Q9: What is optical flow and how is it used in video analysis?

💡
Model Answer:

Optical flow estimates the 2D motion field between consecutive video frames. For each pixel in frame t, it predicts where that pixel moves to in frame t+1, producing a dense displacement map (u, v) per pixel.

Classical methods:

  • Lucas-Kanade: Assumes constant motion in a local window. Solves a least-squares problem. Fast but only works for small motions.
  • Horn-Schunck: Global method with smoothness regularization. Handles larger motions but slower.
  • Farneback: Polynomial expansion method. Good balance of speed and quality. Default in OpenCV.

Deep learning methods:

  • FlowNet / FlowNet2: First end-to-end CNN for optical flow. Correlation layer computes feature matching.
  • RAFT (2020): State-of-the-art. Builds a 4D correlation volume between all pairs of pixels, then iteratively refines flow using a GRU-based update operator. Key insight: iterative refinement allows handling large displacements.
  • GMFlow (2022): Uses transformer-based global matching for better long-range correspondence.

Applications: Action recognition (two-stream networks use optical flow as motion input), video stabilization, frame interpolation, video object tracking, autonomous driving (ego-motion estimation), and video compression.

Q10: What is multi-object tracking (MOT) and what are the main approaches?

💡
Model Answer:

MOT assigns consistent identity labels to multiple objects across video frames. The challenge is maintaining identities through occlusions, appearance changes, and crowded scenes.

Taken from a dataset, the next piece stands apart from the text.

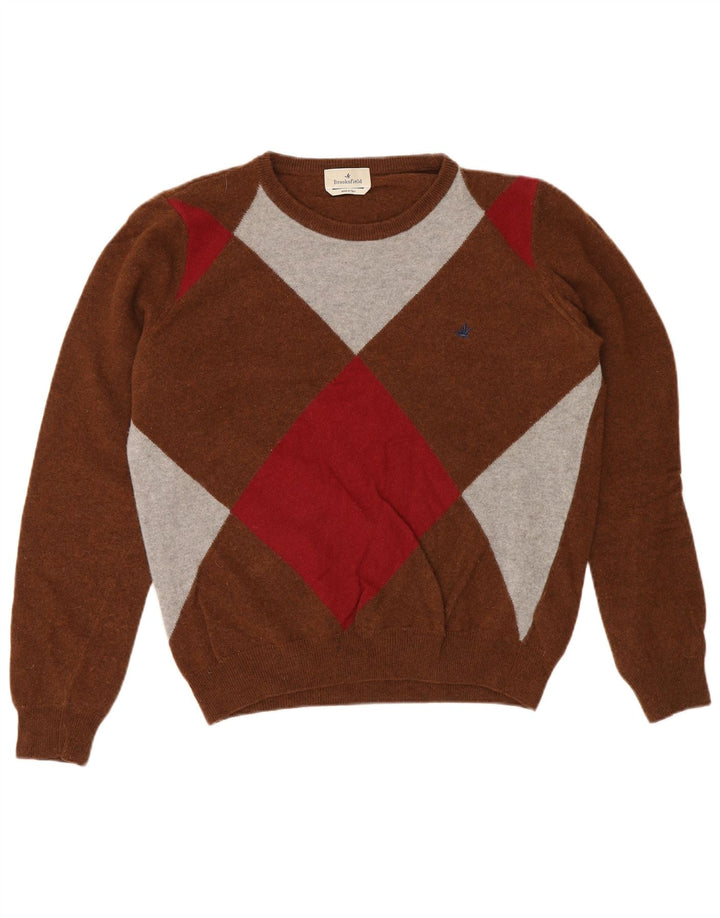 Maglione maglione girocollo da uomo Brooksfield IT 50 Marrone medio Argyle/Diamante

Tracking-by-detection paradigm (dominant approach):

  1. Detection: Run an object detector (YOLOv8, Faster R-CNN) on each frame independently
  2. Association: Match detections across frames using appearance features, motion prediction, and spatial proximity
  3. Track management: Initialize new tracks for unmatched detections, terminate tracks for missing objects, handle re-identification

Key methods:

MethodApproachWhen to Use
SORTKalman filter for motion prediction + Hungarian algorithm for assignment using IoUSimple, fast, works when objects rarely occlude. Good baseline
DeepSORTSORT + deep appearance features (ReID network) for better re-identification after occlusionStandard choice for most applications. Balances speed and accuracy
ByteTrackUses low-confidence detections (which SORT discards) in a second association step to recover occluded objectsCrowded scenes where objects are frequently partially occluded
BoT-SORTCombines camera motion compensation, improved Kalman filter, and strong ReID featuresState-of-the-art accuracy when compute is available

Evaluation metrics: MOTA (Multiple Object Tracking Accuracy), IDF1 (ID F1 score — measures identity preservation), HOTA (Higher Order Tracking Accuracy — combines detection and association quality).